La situation relative aux droits de l’homme demeure aussi gravement préoccupante, a mis en garde M. Ladsous.  Il a dénoncé la pratique systématique qui consiste à viser les civils sur la base de leur appartenance ethnique, tout en détruisant leurs logements et moyens de subsistance.  Pour sa part, a-t-il rappelé, le Haut-Commissaire des Nations Unies aux droits de l’homme dénonce le niveau d’atrocités commises.  M. Ladsous a également dénoncé les poursuites pénales qui vont à l’encontre de la liberté d’expression.

Le gouvernement de transition, a-t-il ensuite recommandé, devra s’atteler sans délai aux problèmes relatifs à la gouvernance, au détournement de fonds et à l’état de droit.  Il a averti que le risque d’effondrement de l’économie, lié à la chute des prix du pétrole, ne sera pas écarté tant que le pays ne mènera pas des réformes importantes, ni sans aide internationale.

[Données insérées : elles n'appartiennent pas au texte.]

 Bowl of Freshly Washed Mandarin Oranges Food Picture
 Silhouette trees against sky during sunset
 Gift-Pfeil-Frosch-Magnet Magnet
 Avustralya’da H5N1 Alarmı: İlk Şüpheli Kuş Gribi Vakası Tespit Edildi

M. Ladsous a aussi exhorté le Conseil de sécurité, en coordination avec l’Union africaine, à inviter le Président du Soudan du Sud, M. Salva Kiir, à suspendre la mise en œuvre de la décision de créer 28 nouveau États, en estimant que de tels facteurs de conflit devraient être traités conformément à la décision du Sommet de l’ Autorité intergouvernementale pour le développement (IGAD) et à la position de la Commission mixte de suivi et d’évaluation.

Enfin, il a appelé les parties à se mettre d’accord sur la question de la justice transitionnelle et de la réconciliation nationale, notamment en créant un tribunal hybride dans les délais prévus et en réhabilitant le système national de justice.

Il a conclu en avertissant que le processus de paix au Soudan du Sud était extrêmement fragile, en préconisant des efforts concertés et soutenus, aux plans national, régional et international.  Le Conseil de sécurité, a-t-il dit, doit travailler en lien étroit avec l’IGAD et le Conseil de paix et de sécurité de l’Union africaine pour mobiliser le soutien nécessaire à MM. Mogae et Konaré.

Le Conseil était saisi du rapport du Secrétaire général sur l’assistance technique* fournie à la Commission de l’Union africaine et au Gouvernement provisoire d’union nationale en vue de l’application du chapitre V de l’Accord pour le règlement du conflit en République du Soudan du Sud, ainsi que du dernier rapport** en date du Secrétaire général sur le Soudan du Sud.